The biggest single problem causing Australia’s housing crisis is the cost of creating new dwellings.
The cost of the standard city house-and-land package is now $950,000 and is getting scarily close to $1 million for a newly constructed house in our capital cities.
Governments of all levels and persuasions tell us constantly that they desperately want to improve housing affordability, but what few of them shout about as loudly is that about 40% of the cost of new housing is made up of government taxes, fees and charges.
It seems incongruous that when cost is the biggest factor preventing new dwellings from being built, governments, which promise they are working on solutions, are doing nothing to ease the tax burden.
Builders and developers cannot deliver their normal products because the cost of construction is prohibitively high.
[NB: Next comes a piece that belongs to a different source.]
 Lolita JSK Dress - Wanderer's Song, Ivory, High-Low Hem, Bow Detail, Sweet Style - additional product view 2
Earlier this year, the Productivity Commission revealed that government interference and bureaucracy had massively reduced productivity in the building industry.
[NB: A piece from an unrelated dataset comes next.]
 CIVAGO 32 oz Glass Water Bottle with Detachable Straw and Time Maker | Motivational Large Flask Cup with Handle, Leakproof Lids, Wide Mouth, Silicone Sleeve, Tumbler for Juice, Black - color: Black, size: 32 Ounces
Delays double the timeline
It now takes twice as long to deliver a new home compared to the 1990s.
This alone added considerable cost to new homes to the point where it is often no longer financially viable to build.
Recent analysis by the National Australia Bank confirms this. Its quarterly Residential Property Survey found that high construction costs and delays in getting approvals are by far the biggest barriers to producing new homes across Australia.
While much of the media would have us believe that interest rates are a big barrier, that was not the case, with very few of the survey respondents nominating that or tight finance as an issue.
It doesn’t matter how many new homes the Federal Government says it will build: until the issues of bureaucratic delays, high property taxes and the overall cost of construction are dealt with, building targets will not be met and the shortage will remain.